Find the $\ker(T)$ and $Im(T)$ and their bases, of $T:M_{2\times2}\rightarrow M_{2\times2}$, where $T(A)=AB-BA$ The problem is following: Find the $\ker(T)$ and $Im(T)$ of $T:M_{2\times2}\rightarrow M_{2\times2}$, where $T(A)=AB-BA$, where $B$ is a fixed $2\times2$ matrix.
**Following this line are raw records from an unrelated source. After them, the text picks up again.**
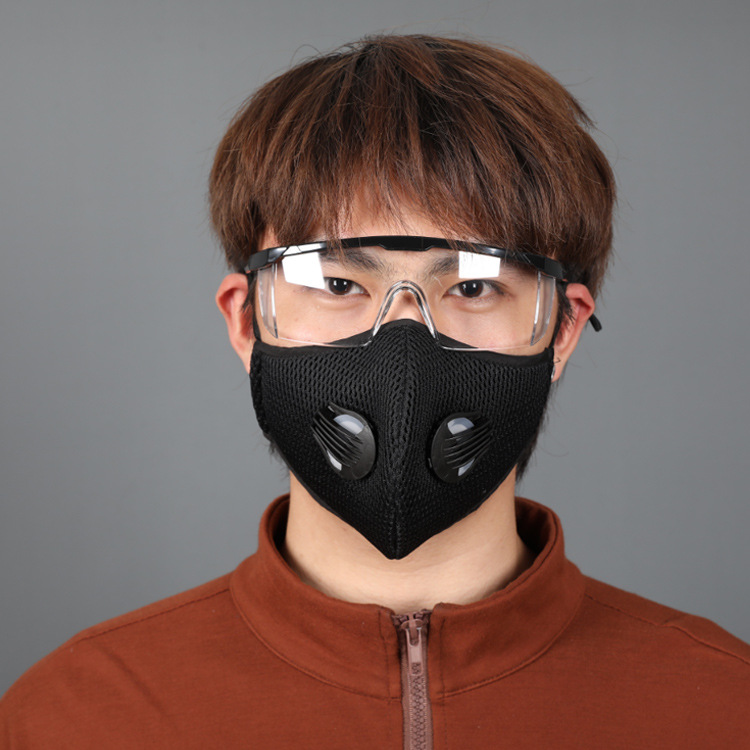 Cycling mask sports mask dustproof anti-splash anti-haze electric car bicycle KN95 filter mask wholesale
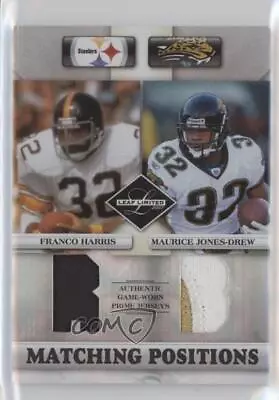 2007 Leaf Limited Matching Positions Prime /25 Franco Harris Maurice Jones-Drew • $29.29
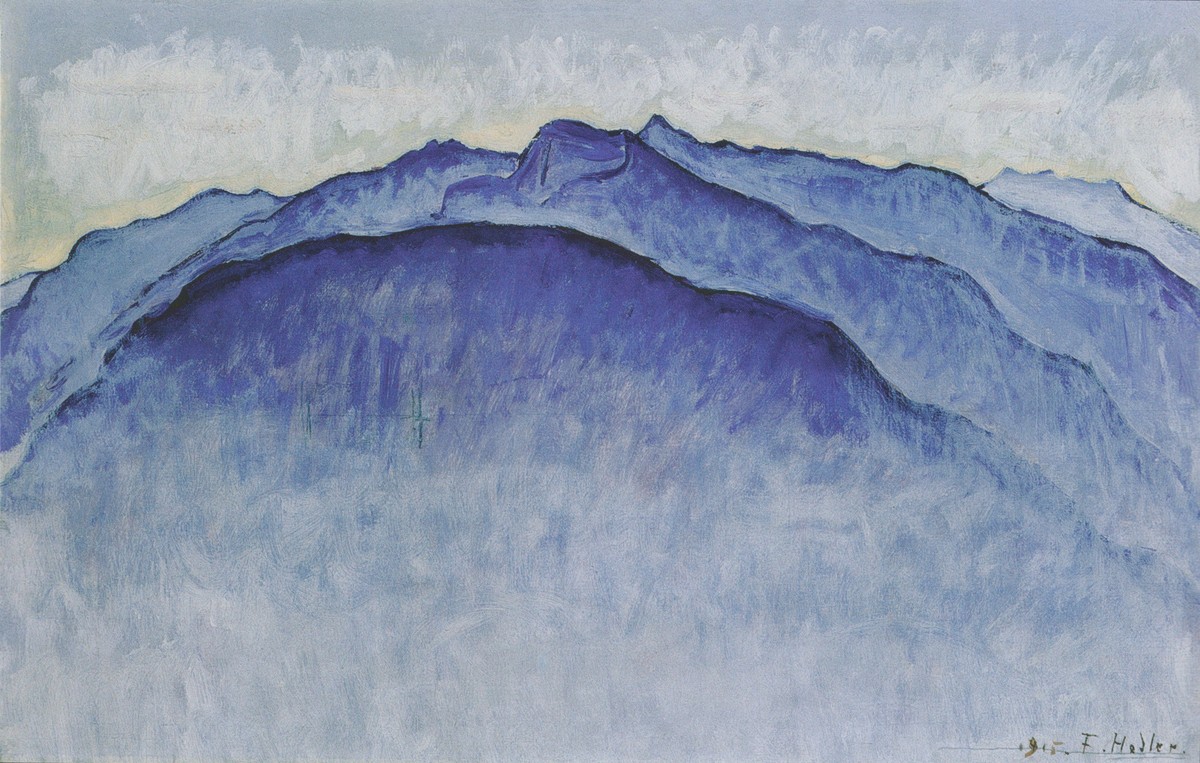 Peaks in the morning by Ferdinand Hodler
The problem doesn't specifically say that any of matrices, $A$ or $B$ is necesarilly a invertible matrix, but for the sake of making the problem doable, let's say they are.
Obviously, to find $\ker(T)$ we will need to look at the following equation, $AB-BA=0$, which leaves us with two possible solutions, which if I am not mistaken will be, $A=0_{2\times2}$ and $A=A^{-1}$. But how do we use this information to define $\ker(T)$ and in the end find its basis in a problem such as this one.
On the other hand I was thinking that it should be that the $Im(T)=\{AB+BA|A\in M_{2\times2}\}$, but than again how to first of all write this as a $span$ and then find its basis.
P.S. Maybe I've used a different notation than the standard one used by most of you.
 A: Let$$B=\begin{bmatrix}b_{11}&b_{12}\\b_{21}&b_{22}\end{bmatrix},\ E_1=\begin{bmatrix}1&0\\0&1\end{bmatrix},\ E_2=\begin{bmatrix}1&0\\0&-1\end{bmatrix},\ E_3=\begin{bmatrix}0&1\\0&0\end{bmatrix}\text{, and }E_4=\begin{bmatrix}0&0\\1&0\end{bmatrix}.$$Then $B=\{E_1,E_2,E_3,E_4\}$ is a basis of $M_{2\times2}$. Besides:

*

*$T(E_1)=0$;

*$T(E_2)=\left[\begin{smallmatrix}0&2b_{12}\\-2b_{21}&0\end{smallmatrix}\right]$;

*$T(E_3)=\left[\begin{smallmatrix}b_{21}&-b_{11}+b_{22}\\0&-b_{21}\end{smallmatrix}\right]$;

*$T(E_4)=\left[\begin{smallmatrix}-b_{12}&0\\b_{11}-b_{22}&b_{12}\end{smallmatrix}\right]$.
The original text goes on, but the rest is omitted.